Среди раскиданного по всей огромной сцене прелого сена Наталья Петровна с Верочкой (Наталья Рогожкина и Надежда Калеганова) расставляют шезлонги, и первая томно и умело выманивает у второй признание во влюбленности в Беляева. Сам же миловидный и предупредительный студент (Кузьма Котрелев), как перпетуум мобиле, не устает быть приятным женскому окружению, в том числе сексапильной служанке Кате (Маруся Пестунова), оставляя лишь перезрелую Лизавету Богдановну (Анастасия Скорик) вниманию циника-доктора, демонстративно педалирующего свои грубость и цинизм.

Сельская гармония быстро оборачивается катастрофой, не крахом с большой буквы (вспоминается бездонное страдание в глазах Натальи Петровны Ольги Яковлевой, когда в финале спектакля Анатолия Эфроса у нее отбирали змея и принимались равнодушно разбирать беседку), но рядовым крушением в череде подобных. Ни поразить до глубины души, ни исцелить тут никого нельзя, все нерв-ны и неприкаянны, что трудяга Ислаев (Александр Усов), вечно бродящий по сцене с вилами, граблями или косой, что заика Ракитин (Эдуард Чекмазов), выглядящий в этой семье едва ли не приживалом. Разве что на сердце порывистой Верочки может остаться шрам, но в ее жизнестойкость верится непререкаемо – до свадьбы с бессмысленным Большинцовым (Александр Семчев) вряд ли дойдет.
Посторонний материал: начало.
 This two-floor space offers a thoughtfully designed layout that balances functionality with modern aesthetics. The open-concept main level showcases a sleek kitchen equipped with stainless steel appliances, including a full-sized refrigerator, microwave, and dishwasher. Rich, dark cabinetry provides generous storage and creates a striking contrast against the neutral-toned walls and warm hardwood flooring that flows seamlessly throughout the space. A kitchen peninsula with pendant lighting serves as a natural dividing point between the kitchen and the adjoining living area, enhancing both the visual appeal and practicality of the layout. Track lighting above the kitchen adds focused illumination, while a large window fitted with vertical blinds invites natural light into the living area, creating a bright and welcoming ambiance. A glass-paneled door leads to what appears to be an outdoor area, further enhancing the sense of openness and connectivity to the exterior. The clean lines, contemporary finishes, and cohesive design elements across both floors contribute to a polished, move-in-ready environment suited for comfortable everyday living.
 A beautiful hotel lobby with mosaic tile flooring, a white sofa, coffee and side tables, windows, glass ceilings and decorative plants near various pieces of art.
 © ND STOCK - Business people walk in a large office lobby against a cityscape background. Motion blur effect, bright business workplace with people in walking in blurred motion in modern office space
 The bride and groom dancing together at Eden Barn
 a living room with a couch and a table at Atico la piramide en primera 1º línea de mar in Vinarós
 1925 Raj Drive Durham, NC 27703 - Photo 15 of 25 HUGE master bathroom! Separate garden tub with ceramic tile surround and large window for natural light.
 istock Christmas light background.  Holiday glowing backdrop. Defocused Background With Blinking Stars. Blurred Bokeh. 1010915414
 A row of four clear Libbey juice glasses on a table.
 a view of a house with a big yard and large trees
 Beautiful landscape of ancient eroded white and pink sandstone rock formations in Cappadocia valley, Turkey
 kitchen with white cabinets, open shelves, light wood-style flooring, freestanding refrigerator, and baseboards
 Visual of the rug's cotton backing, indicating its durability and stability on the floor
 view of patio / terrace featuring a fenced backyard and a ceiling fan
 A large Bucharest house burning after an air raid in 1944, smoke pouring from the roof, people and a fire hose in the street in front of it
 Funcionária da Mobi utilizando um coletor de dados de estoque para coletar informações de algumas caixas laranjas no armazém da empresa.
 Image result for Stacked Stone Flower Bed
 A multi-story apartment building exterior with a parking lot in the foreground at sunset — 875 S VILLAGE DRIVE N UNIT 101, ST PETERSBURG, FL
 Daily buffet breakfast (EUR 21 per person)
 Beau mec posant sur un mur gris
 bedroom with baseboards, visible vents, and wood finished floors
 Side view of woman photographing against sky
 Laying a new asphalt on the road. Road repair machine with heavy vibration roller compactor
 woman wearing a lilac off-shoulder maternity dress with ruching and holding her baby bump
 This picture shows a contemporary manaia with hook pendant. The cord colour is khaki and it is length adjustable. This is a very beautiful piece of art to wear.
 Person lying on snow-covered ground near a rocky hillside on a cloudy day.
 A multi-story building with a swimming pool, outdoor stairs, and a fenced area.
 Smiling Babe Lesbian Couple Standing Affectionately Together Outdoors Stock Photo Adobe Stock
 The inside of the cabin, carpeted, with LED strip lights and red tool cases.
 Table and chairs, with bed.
В стародавнем “Месяце в деревне” Художественного театра (1909) публика отдельно аплодировала декорациям Мстислава Добужинского. Спустя 111 лет зрительный зал в первую очередь рукоплещет сценографии Владимира Арефьева и самоотверженности актеров, в ней выживающих.

Мария ХАЛИЗЕВА

«Экран и сцена»
№ 1 за 2021 год.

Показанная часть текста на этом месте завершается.